“Bloomington, here I come!”
Such exuberance can be expected from Josephine Decker. One might say it is typical, but there is nothing typical about this filmmaker or her boundless creativity.
She has been here before, as an actress in Brigitta Wagner’s film “Rosehill.” Wagner, a former Indiana University professor of Germanic studies, filmed part of her project around town in May 2013.
But this week Decker returns to IU Cinema as the internationally acclaimed director of “Butter on the Latch” and “Thou Wast Mild and Lovely,” which both were shown at Germany’s Berlinale Forum in February.
This Jorgensen Guest Filmmaker Lecture will be unlike any other Jorgensen event to date, said Jon Vickers, director of IU Cinema.
Rather than a talk, think of it as an improvisational filmmaking event. Decker said she is “very interested in immersive experience, what it means for the audience to experience something instead of observe it.”
Beginning at 3 p.m. Friday, Decker and her friend IU doctoral student Russell Sheaffer will begin what they are calling “The Unburied Experience: Visceral Filmmaking.” About six weeks ago, Vickers gave Sheaffer a personal 16mm print of the Odessa Steps sequence from the 1925 film “Battleship Potemkin.” Sheaffer said the film was cut into 100-foot segments and buried in his garden each week in a process that “allows the film stock to begin decomposing.”
Live, in front of the audience, the filmmakers will unveil the deteriorated footage and re-edit it into a new project. At the end of the program, the freshly made film will be projected for all to see.
“Josephine Decker is fearless,” Vickers said. “She has never made a found-footage experimental film, yet is unafraid to try to do so – live, in front of an audience, as she will walk us through her discovery and creative process. It should be a unique and interesting program.”
“It feels weirdly like a homecoming to wander back,” she said. “Jon and his magical palace of film have already blown me away many times, so I am honored to be returning to the campus.”
Schedule of events
Decker is scheduled to be present at all of these free IU Cinema events:
- 6:30 p.m. Oct. 2, “Thou Wast Mild and Lovely” – Decker’s sensual thriller, which was inspired by “East of Eden,” stars Joe Swanberg, Sophie Traub, love, death, guns, goats and a farm in Kentucky (Not rated, 94 minutes).

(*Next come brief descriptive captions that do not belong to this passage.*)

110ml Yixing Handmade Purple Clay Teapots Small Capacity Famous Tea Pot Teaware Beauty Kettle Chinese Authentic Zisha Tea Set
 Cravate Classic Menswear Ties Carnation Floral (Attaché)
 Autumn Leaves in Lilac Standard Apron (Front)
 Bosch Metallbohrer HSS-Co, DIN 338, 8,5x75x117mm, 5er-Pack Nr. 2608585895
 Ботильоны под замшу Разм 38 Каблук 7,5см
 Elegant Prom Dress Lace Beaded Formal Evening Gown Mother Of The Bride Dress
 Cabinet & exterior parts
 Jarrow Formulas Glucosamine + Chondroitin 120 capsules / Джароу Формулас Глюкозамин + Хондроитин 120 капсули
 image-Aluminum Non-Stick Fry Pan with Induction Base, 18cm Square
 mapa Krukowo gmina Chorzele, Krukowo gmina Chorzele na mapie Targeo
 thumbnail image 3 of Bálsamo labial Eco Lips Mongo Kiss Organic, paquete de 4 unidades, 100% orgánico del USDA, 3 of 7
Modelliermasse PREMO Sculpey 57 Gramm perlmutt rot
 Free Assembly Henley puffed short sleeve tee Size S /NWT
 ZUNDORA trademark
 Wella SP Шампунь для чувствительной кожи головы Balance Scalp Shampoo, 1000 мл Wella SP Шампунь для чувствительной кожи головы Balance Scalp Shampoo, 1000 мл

- 9:30 p.m. Oct. 2, “Butter on the Latch” – Her debut film from 2013 is about “nerves, woods, ladies and Balkan music” and was inspired by a Bulgarian folk song. It’s part horror film, part fairytale and IndieWire has described the film as “a sexy, wild romp you have to see to believe.” (Not rated, 63 minutes).
- 3 p.m. Oct. 3, “The Unburied Experience: Visceral Filmmaking” – Decker’s appearance is part of the Jorgensen lecture series, made possible through the generous support of the Ove W. Jorgensen Foundation. Decker and Sheaffer will piece together an experimental film and show their results after just 70 minutes. Tickets are not required for this one-of-a-kind event; however, seating is limited.
Free tickets for “Thou Wast Mild and Lovely” and “Butter on the Latch”are now available, with a limit of two per person for each show. Question-and-answer sessions are planned after each of the film screenings. Tickets for IU Cinema films can be obtained at the IU Auditorium box office from 10 a.m. to 5 p.m. Monday through Friday; at the cinema one hour before any screening; or by phone at 812-855-1103 for a $10 service fee per order.
Decker’s new vision
In the wake of the Berlin Festival, The New Yorker commanded readers to “Pay Attention to Josephine Decker” and Filmmaker Magazine named her one of its 25 New Faces of Independent Film.
Raised in Texas and educated at Princeton, Decker has made waves as an environmentalist, performance artist, actress and wildly original film director.
“For me, a lot of a film is about tone and mood,” she said. “I love eerie and creepy spaces and I love preserving and collecting the sounds and images that will enhance a feeling (like) one experiences in ‘Butter on the Latch.’ ”
Decker and her cinematographer Ashley Connor prefer to construct scenes through the lens of one person’s experience. “You, as the audience, are very close to the characters, and you’re also in their head space sonically – close to them through the sounds of their bodies, rustle of their clothes, etc. I love shooting this way.”
In Decker’s films, individual experience often is determined through internal events as much as external actions. Stories are advanced by thoughts, dreams, emotions and fantasies. “I believe that often our fantasies are more real than our realities,” she said.
“Yesterday, I made out with the man in the deli, leapt over a car with my bicycle and flew like an eagle in the sky. I mean, that’s how it felt. And isn’t that ‘realer’ than whatever ‘reality’ happened?
“I think of filmmaking and acting – and most art, actually – as a spiritual experience,” Decker said. “We are putting ourselves into other people’s lives to illuminate something about the universal for ourselves and hopefully others.”